Diruthenium and triruthenium compounds of the potential redox active non-chelated η1-N,η1-N-benzothiadiazole bridge†
Abstract
In the present study, a series of non-chelated BTD (2,1,3-benzothiadiazole)-bridged diruthenium(II) ([{(CH3CN)(acac)2RuII}2(μ-BTD)] 1, [{CH3CN(acac)2RuII}(μ-BTD){RuII(acac)2(η1-N-BTD)}] 2, [{(η1-N-BTD)(acac)2RuII}2(μ-BTD)] 3), and triruthenium ([{(acac)2RuII}3(μ-BTD)2(η1-N-BTD)2] 4) complexes with varying ratios of η1-N and μ-bis-η1-N,η1-N modes of BTD were studied.
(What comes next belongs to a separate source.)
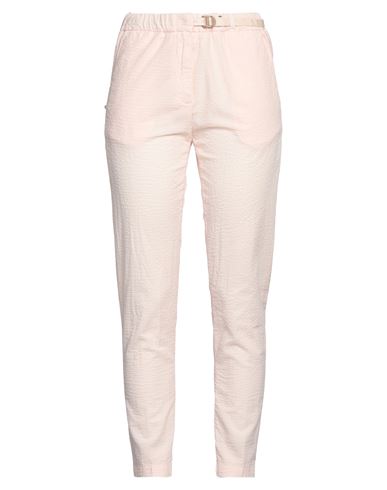 White Sand Woman Pants Light Pink Size 4 Cotton
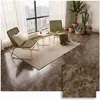 Azulejos de suelo autoadhesivos de PVC con patrón de mármol, engrosados, impermeables y resistentes al desgaste, para renovación y remodelación de suelos de cemento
Complexes 1–4 (S = 0) were obtained via the one-pot reaction of electron-rich Ru(acac)2(CH3CN)2 and electron-deficient BTD in refluxing acetone. The relatively low Ru(II)/Ru(III) potential of 1–4 (0.08–0.44 V versus SCE) further facilitated the isolation of the corresponding mixed valent RuIIRuIII (S = 1/2) and RuIIRuIIRuIII (S = 1/2)/RuIIRuIIIRuIII (S = 1) forms [1]ClO4–[3]ClO4 and [4]ClO4/[4](ClO4)2, respectively. The single-crystal X-ray structures of the representative mixed valent [1]ClO4 and [3]ClO4 established (i) Ru⋯Ru distances of 6.227 Å and 6.256 Å (molecule A)/6.184 Å (molecule B), respectively, (ii) a significant variation of the N–S distance of BTD in [3]ClO4 as a function of its binding mode μ versus η1 and (iii) similar Ru–N (μ-BTD) distances in each case corresponding to a valence delocalised situation. The mixed valent diruthenium (1+–3+) and triruthenium (4+/42+) complexes exhibited metal-based anisotropic electron paramagnetic resonance (EPR) and moderately intense low-energy intervalence charge-transfer (IVCT) transitions in the near-infrared region of 1730–1890 nm. Analysis of the IVCT band using the Hush treatment revealed a valence delocalised class III mixed valent state with the electronic coupling Vab of ≈2640–2890 cm−1, as also corroborated by the Kc values of 105–108, solvent independency of the IVCT band and uniform spin distribution between the metal ions in the singly occupied state(s). Furthermore, the involvement of the BTD (η1 and μ)-based orbitals in the reduction processes was evident by its free radical EPR feature.